Work request: Search the records below for "Anaita Dark-Green Georgette". Return that line and all remaining lines exactly.
++++ Entries supplied ++++
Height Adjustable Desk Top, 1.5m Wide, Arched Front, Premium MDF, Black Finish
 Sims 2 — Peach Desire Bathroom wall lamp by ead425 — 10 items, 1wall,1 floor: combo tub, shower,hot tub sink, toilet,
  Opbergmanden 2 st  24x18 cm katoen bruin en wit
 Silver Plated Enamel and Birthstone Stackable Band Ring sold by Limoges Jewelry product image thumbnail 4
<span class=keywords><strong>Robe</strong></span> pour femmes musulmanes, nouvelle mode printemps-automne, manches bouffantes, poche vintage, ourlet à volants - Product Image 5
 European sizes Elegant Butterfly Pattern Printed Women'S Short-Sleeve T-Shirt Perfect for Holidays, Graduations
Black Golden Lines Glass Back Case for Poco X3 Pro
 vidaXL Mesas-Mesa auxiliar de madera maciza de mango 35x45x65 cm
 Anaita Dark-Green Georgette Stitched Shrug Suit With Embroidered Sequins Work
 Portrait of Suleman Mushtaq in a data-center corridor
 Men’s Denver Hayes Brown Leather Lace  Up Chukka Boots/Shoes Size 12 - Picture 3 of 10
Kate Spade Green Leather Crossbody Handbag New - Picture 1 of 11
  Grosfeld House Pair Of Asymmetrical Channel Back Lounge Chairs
++++
Written solution:
 Anaita Dark-Green Georgette Stitched Shrug Suit With Embroidered Sequins Work
 Portrait of Suleman Mushtaq in a data-center corridor
 Men’s Denver Hayes Brown Leather Lace  Up Chukka Boots/Shoes Size 12 - Picture 3 of 10
Kate Spade Green Leather Crossbody Handbag New - Picture 1 of 11
  Grosfeld House Pair Of Asymmetrical Channel Back Lounge Chairs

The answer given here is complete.